Polar quietly makes some of the best fitness watches on the market but its products are not as well known in the UK as the more casually inclined Fitbit. The new Polar Ignite watch is looking to change that with a full feature set centred around getting good sleep for considerably less than the high-end Fitbit Ionic.
It costs £174.50 / $199.95 from Polar with white, yellow or black strap compared to the £249.99 / $249.99 Ionic. It has new Polar branded features Sleep Stages Plus, Nightly Recharge and training software FitSpark to better track sleep and provide more personalised training guidance than before.
FitSpark claims to take tracked fitness levels, training history and sleep data to give you specific exercise suggestions and realistic targets for workouts. This information is delivered via Polar apps on your phone and via the round colour touchscreen of the Ignite itself.
The watch features most things you could want from a fitness watch with a focus on sleep analysis and prompts that use the data to better help you rest and recharge after exercise. It has continuous heart rate monitoring, tracking for 100 sport types and five days quoted battery life.
It’s fully waterproofed for swim tracking of stroke rate and distance, features sometimes hard to find on a watch of this price. Despite its relative affordability it is aimed at those who are more serious about fitness tracking than the average Fitbit or Apple Watch user.

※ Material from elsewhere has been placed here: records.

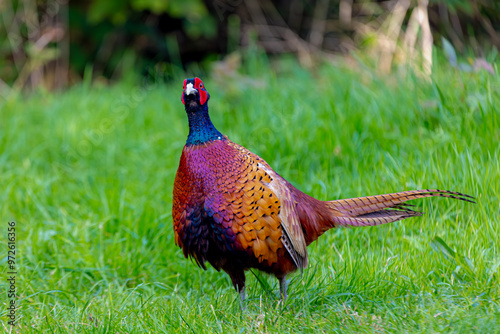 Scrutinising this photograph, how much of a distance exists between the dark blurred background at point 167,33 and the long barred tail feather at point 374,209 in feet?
10.8

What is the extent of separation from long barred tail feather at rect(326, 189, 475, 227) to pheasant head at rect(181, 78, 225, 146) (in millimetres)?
800

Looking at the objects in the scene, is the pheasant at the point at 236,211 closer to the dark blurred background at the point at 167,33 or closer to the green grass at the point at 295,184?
the green grass at the point at 295,184

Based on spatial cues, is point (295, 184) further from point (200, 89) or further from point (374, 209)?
point (200, 89)

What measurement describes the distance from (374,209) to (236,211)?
33.9 inches

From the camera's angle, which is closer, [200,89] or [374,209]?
[200,89]

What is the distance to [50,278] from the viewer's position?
3.19 m

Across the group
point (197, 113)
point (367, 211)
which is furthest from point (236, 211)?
point (367, 211)

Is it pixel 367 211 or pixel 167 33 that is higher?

Polar’s suite of apps, in our experience, is great if a little fragmented. Linked with a watch the Polar Flow app allows you to drill into a granular view of your exercise data, but its trademarked branded features are a little confusing at first. Once you get into the flow (pun intended) they provide an excellent step up from the accessible but comparatively shallow data sets that Fitbit provides.
Polar has struggled to match the market might of Garmin in the mid-to-pro fitness watch market till now. Perhaps that will change as the Ignite looks like a fully featured but less intimidating product than some of Polar’s more expensive watches.